I realize, of course, the implication of my title. So, I’ll set things right at the onset. This is not my attempt at creating a euphemism for erectile dysfunction, nor is it a comment on the vest-pocket penis. For starters, I can most certainly trump "little engine" in the euphemism department:
"Gabe was a roll of quarters, and I’d spent too many nights wishing I could feel it in my stomach. In the same way you can’t imagine the taste of butter on your dry baked potato, you can’t fantasize the feeling of weight in your hands. Unfortunately, it’s not like the pimple on your face; it doesn’t feel bigger than it actually is. Been there, done a past life of that. Lesson learned."
"This is one you just can’t compromise away. The careless leaving-the-seat-up thing is a non-issue. There’s therapy for a bad temper. Get a maid to deal with the socks. But a lifetime with a penis made of kibbles n bits is a deal-breaker." —Straight Up And Dirty
I wasn’t being spiteful; I was being generous. But enough of the Wasband’s wee-wares. This is a post about trains… Or, is it? The truth is, it was going to write about trains, all about Thomas and his bits. About how I spent another sleepless night with wood glue, constructing a three-story fantasy train world for Kind Sir, and how obsessed I’ve become, wanting SureTrack Clips (so he can play on the carpet without the tracks coming undone), needing Wacky Tracking (so he can create a corkscrew road if he’d like), desperate for adapters and elevation supports. Damn exciting stuff, to one and all, clearly. Then I was going to segue to internal scripts—those things about myself I’ve always assumed, without question. I’ve spent so many years proclaiming who I am and who I’m not. "I am a Jackie Chan of a chef." "I am not someone who can install window screens." "I am someone who spends time looking back, but would never go back."
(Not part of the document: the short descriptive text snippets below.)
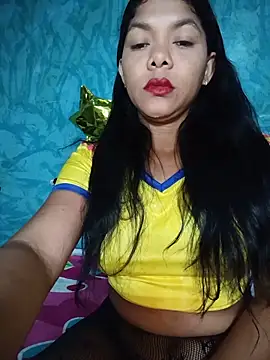 Snapshot of DIORA_Latina chatting on 06-18-26, 03:07 DIORA Latina online show from 06-18-26, 03:07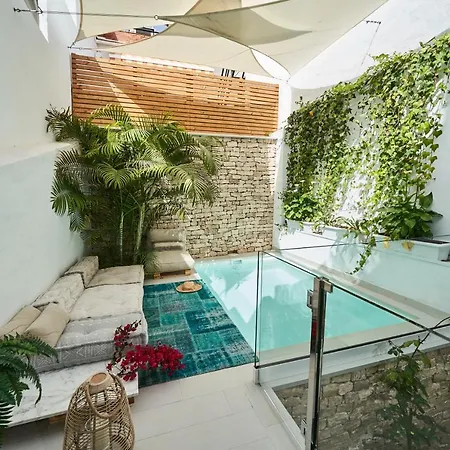 Luxury Centre Apartment *
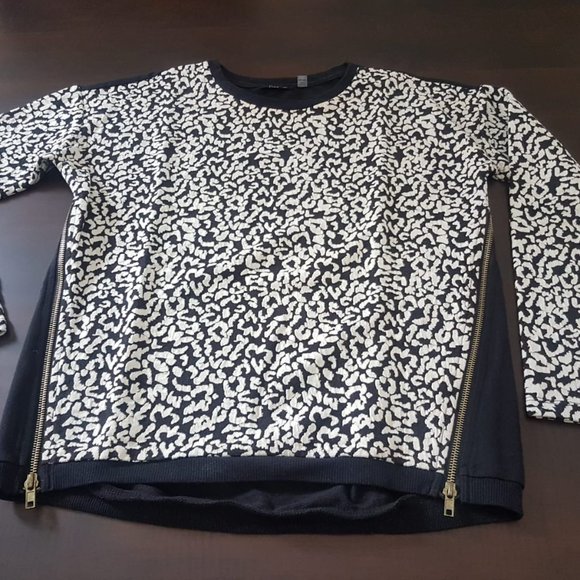 Dex Women Shirt with side slits-NWOT - Picture 2 of 6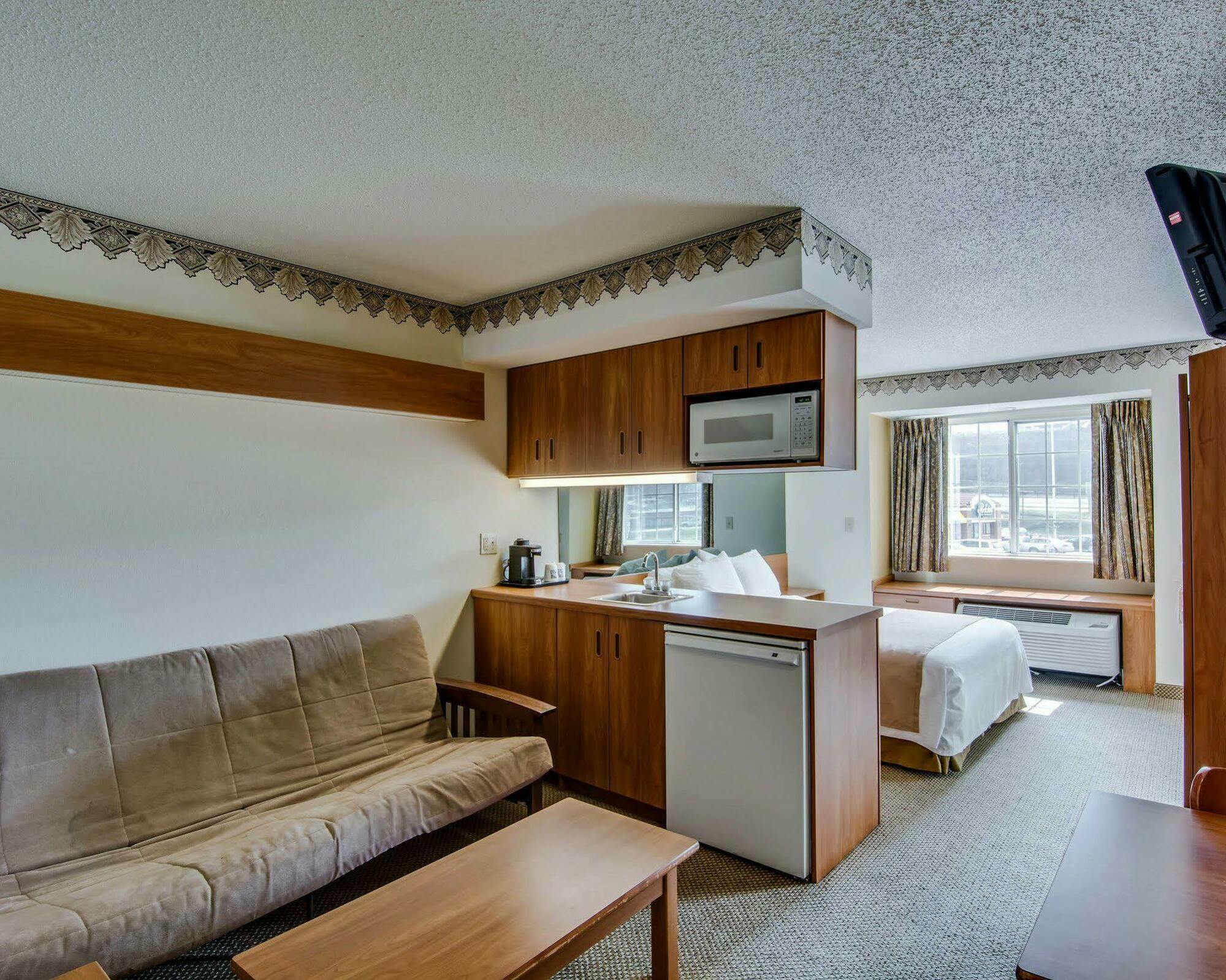 Quality Inn & Suites I-81 Exit 7 Бристол Екстериор снимка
"Who would have thought," I thought—my foot supporting an ascending railway track as I reached for glue—"that I’d ever be the type to spend her Saturday night building a train station? Who would’ve thought I was the handy one in the relationship?" It’s just as The Little Engine That Could demonstrates; it’s all about internal scripts. Sometimes—all the time, actually—we convince ourselves of who we are and what we’re capable of. Mind over matter. The man who succeeds is the man who thinks he can, and all that. And here, all this time, I’d convinced (quite passively) myself that I wasn’t good at assembling anything more than a salad. It’s where I was going with the post, that is, until I was derailed with photos of the Wasband’s recent wedding…to another redhead.
That’s when I strayed from the main line and shifted directions: part of who we are is where we’ve been, what we choose, how we respond. A more intimate, quiet part of who we are is what we remember. It’s what we know.
I couldn’t un-know that I knew most of the groomsmen in the photos, that I knew which smiles of his were orchestrated, where the photographer asked him to kiss her head; I couldn’t un-know wedding dance lessons. I couldn’t un-know all the intimate things you learn when you’re with someone, as we were, for five years. Funerals. Grandparents. Weddings. Traffic. Clogged drains. Jokes about clogged arteries. Him always falling asleep first. Anywhere. In a bowl of spaghetti. Jokes about the way his mother always told that story. Doctor visits. Going with me to the OBGYN to see the heartbeat. I couldn’t un-know the way he liked to dip me at the end of songs. And as much as I tried, I certainly couldn’t un-know his mother, "Rome," but really, no one can.
I couldn’t unlearn the faces of his cousins, or his uncle—the one who was always so nice to me, but whom the Wasband privately called "A nothing; he’s a nobody." I couldn’t un-know it as I passed the photo, his uncle ready to prop him up for the Horah. You can’t unlearn everything you remember, no matter what your internal script. You can’t "I think I can" out of it. And many (even I) might argue differently on this: you can’t talk yourself out of the ugly. The kind of ugly that stays with you when you’ve loved someone. The ugly wishes, hoping someone along the way treats him the way he treated you, wanting nothing more for him than karma.
More than any of these detailed threads, the one that’s most telling, is that they’re with me still. The most telling detail in all these details is that I remember them. And none of us can choose what we remember or find a way to un-know all that we do. It sticks with you, whether you want it to or not. Sometimes he snakes into your dreams. Admitting this doesn’t mean you’re not over it. Not at all.
If I’d shrugged, if I was so far beyond it, without feeling or care, I don’t think I could’ve ever called what we had love. You can’t ignore that up until now it’s all felt like details and facts, descriptions of a breakup & breakthrough, but now it feels like something else: an acknowledgment that what we had was real. And you can’t unlearn that.
You can only ask yourself to please, if you’d be so kind, get the fuck out. So you close the browser window, write it all down, and you reach for the glue and get back on track.